5V/10V LTO Power Supply

Hello,

im playing since a few days with the idea of an Battery Power Supply that can support a possibly wide variety of devices
for me is important that it can provide around 9V for opamp circuits (your usual preamplifier/dacs/line levels i would say) but also 5V is a fairly common voltage, USB for example

Voltages:
So... i compared the voltage ranges (and possibly other pros/cons) and i feel like LTO could be the "perfect" candidate....
(4.4V) 4.6V - 5.2V seems like a perfect 5V USB range
and 9.2 - 10.4 seems like a reasonable 9V replacement
both with the benefit of "pure battery power" ( tho it also seems reasonable to use a low dropout regulator for the 9V range, or diode for a more passive solution)

Batteries:
there are honestly not many solutions LTO wise around.... most attractive size wise are these:
https://hakadibattery.com/products/...y-battery-pack-electric-wheelchair-power-grid
https://hakadibattery.com/products/...w-temperature-battery-cells-25000-cycle-times

as far my search went these two options are pretty much the only cylindrical LTO's

the 18650 have around double ESR and need holders which increases ESR too so i feel like the cap style ones are probably the better option

Design Ideas:
using 4 of the capacitor style hakadi 2500mAh batteries, which can be switched (either by a soldering job or low ESR switching solution) from 2x2 batteries configuration (2 batteries in parrallel and a second double pack in series) or 1x4 series configuration (4 batteries in series)

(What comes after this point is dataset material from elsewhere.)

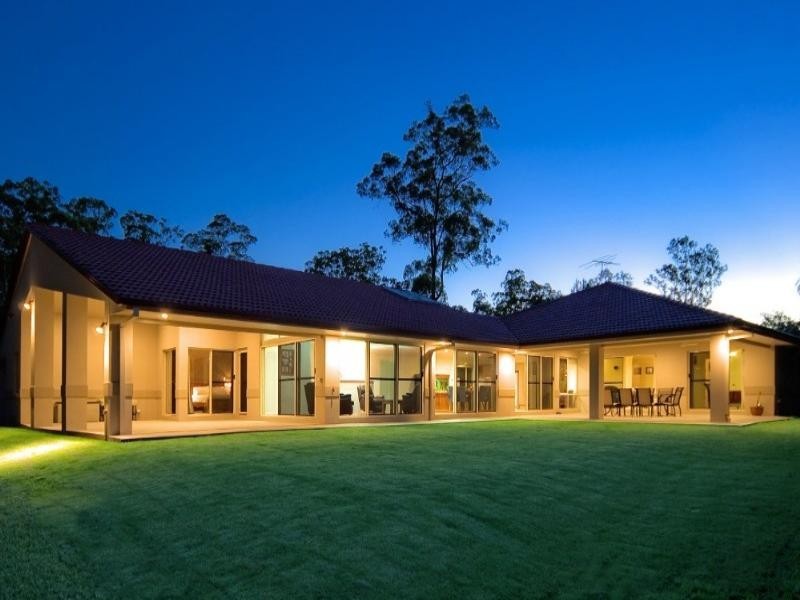 216 Parkview Crescent, Cornubia QLD 4130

as these batteries have under 15mOhm ESR the 5V parallel configuration would give around 8mOhm + 8 mOhm, pretty much identical to A123 LiFePo4 batteries, tho im not exactly sure how LiFePo4 compares to LTO directly, i kinda hope for the best here

Charging:
LTO's can be very easly charged via ldo, the cap style ones have a max charge current of 25A and charging with 3A takes around 30-60minutes

preferably i would include a "charge en" input/output, which allows multiple batterie supplys to charge at the same time to optimize "pure power runtime"

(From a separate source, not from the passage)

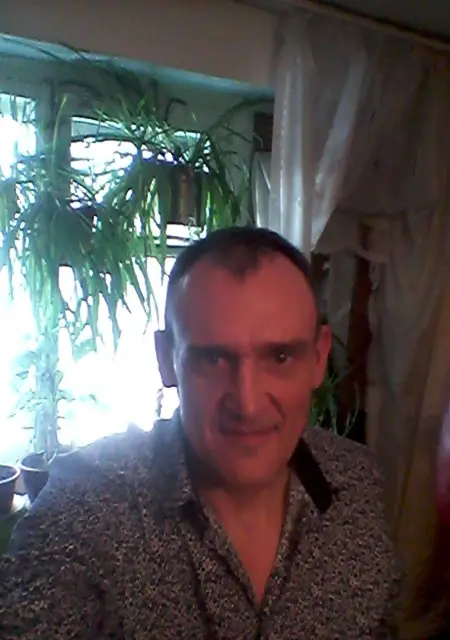 Александр из Новокузнецка, мне 42, познакомлюсь без обязательств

since the voltage is either 5 or 10 volt its probably best to use some LDO with a main supply not far from the desired voltage

i saw you can wire something like a LT1083 in constant current mode, but does that mean i need a pregulation LDO for the right voltage max voltage?

Balancing:
preferably simply trough resistors, which power dissapation should i aim for for 3-5A charge current?

Protection:
  • fuse at the output for short circuit/overcurrent protection
  • charging could be triggered by TLV3702 UV threshold

(optional)
- not really nessecary with LTO but i could include a low ESR mosfet + seperate TLV3702 to disconnect load for overdischarge protection (same mosfet could be used as a load switch for EN input)
 
Yup, what the world sorely lacks is a 5V battery power supply with 5V natively, something similar to IanCanada Mini 3.3V/6.6V power supply. I need a couple..three or five.

yup, indeed 🙂 feel free to share any ideas/tips since im still in the planning phase

Screenshot from 2024-12-03 01-32-53.png


im thinking about something like this as the pure battery portion, (some opto-isolators are left out triggering the relay, which should be a two trigger magnetic latch-type)

trigger voltages (5.4/5.2V charge end and 4.6/4.8V charge start) can be set via jumpers, its voltage range vs capacity

this design would work for parallel and series configuration (in 10V series mode just half of the bank is voltage checked), im a bit unsure about how unbalanced the batteries can get, it might be worth checken each cell individually for safety? tho since LTO's are the safest around this might be enough?